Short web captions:
Segment Open

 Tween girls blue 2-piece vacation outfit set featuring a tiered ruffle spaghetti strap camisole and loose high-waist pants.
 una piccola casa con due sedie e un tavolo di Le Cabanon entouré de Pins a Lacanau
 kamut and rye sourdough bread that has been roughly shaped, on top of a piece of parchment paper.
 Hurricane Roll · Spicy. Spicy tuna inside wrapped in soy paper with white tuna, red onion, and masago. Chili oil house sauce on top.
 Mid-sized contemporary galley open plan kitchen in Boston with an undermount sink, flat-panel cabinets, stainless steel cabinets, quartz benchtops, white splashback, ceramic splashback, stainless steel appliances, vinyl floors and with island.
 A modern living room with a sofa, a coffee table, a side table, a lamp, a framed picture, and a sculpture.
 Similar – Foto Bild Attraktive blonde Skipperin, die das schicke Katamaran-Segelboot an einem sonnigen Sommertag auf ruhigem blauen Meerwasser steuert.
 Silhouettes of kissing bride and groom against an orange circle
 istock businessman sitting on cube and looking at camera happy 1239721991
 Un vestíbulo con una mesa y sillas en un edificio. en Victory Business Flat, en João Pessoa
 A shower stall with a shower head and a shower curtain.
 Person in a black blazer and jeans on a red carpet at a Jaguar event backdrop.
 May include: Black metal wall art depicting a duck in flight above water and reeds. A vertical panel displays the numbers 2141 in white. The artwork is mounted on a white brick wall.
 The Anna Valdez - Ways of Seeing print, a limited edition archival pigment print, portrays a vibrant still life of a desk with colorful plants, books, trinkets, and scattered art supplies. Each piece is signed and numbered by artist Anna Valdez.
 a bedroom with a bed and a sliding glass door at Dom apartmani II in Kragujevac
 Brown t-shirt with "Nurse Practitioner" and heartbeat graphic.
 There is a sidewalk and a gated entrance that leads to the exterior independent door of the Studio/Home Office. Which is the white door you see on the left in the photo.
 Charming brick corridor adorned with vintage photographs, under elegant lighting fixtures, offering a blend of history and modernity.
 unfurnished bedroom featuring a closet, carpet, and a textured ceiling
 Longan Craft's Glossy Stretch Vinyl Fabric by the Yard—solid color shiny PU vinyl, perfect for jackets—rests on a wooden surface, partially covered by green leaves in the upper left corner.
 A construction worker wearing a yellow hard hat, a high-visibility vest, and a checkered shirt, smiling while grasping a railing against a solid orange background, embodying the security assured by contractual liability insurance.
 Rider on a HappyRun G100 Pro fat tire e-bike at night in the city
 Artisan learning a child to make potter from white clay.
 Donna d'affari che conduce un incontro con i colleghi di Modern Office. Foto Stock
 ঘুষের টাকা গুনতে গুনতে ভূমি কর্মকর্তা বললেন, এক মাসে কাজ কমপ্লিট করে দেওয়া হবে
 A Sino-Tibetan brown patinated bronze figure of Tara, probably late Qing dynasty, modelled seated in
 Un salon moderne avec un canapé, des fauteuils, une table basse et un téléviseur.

Segment Closed

Task brief: Above are the entries; repeat their lines exactly, from the first through the one that contains "A shower stall".

Answer box:
 Tween girls blue 2-piece vacation outfit set featuring a tiered ruffle spaghetti strap camisole and loose high-waist pants.
 una piccola casa con due sedie e un tavolo di Le Cabanon entouré de Pins a Lacanau
 kamut and rye sourdough bread that has been roughly shaped, on top of a piece of parchment paper.
 Hurricane Roll · Spicy. Spicy tuna inside wrapped in soy paper with white tuna, red onion, and masago. Chili oil house sauce on top.
 Mid-sized contemporary galley open plan kitchen in Boston with an undermount sink, flat-panel cabinets, stainless steel cabinets, quartz benchtops, white splashback, ceramic splashback, stainless steel appliances, vinyl floors and with island.
 A modern living room with a sofa, a coffee table, a side table, a lamp, a framed picture, and a sculpture.
 Similar – Foto Bild Attraktive blonde Skipperin, die das schicke Katamaran-Segelboot an einem sonnigen Sommertag auf ruhigem blauen Meerwasser steuert.
 Silhouettes of kissing bride and groom against an orange circle
 istock businessman sitting on cube and looking at camera happy 1239721991
 Un vestíbulo con una mesa y sillas en un edificio. en Victory Business Flat, en João Pessoa
 A shower stall with a shower head and a shower curtain.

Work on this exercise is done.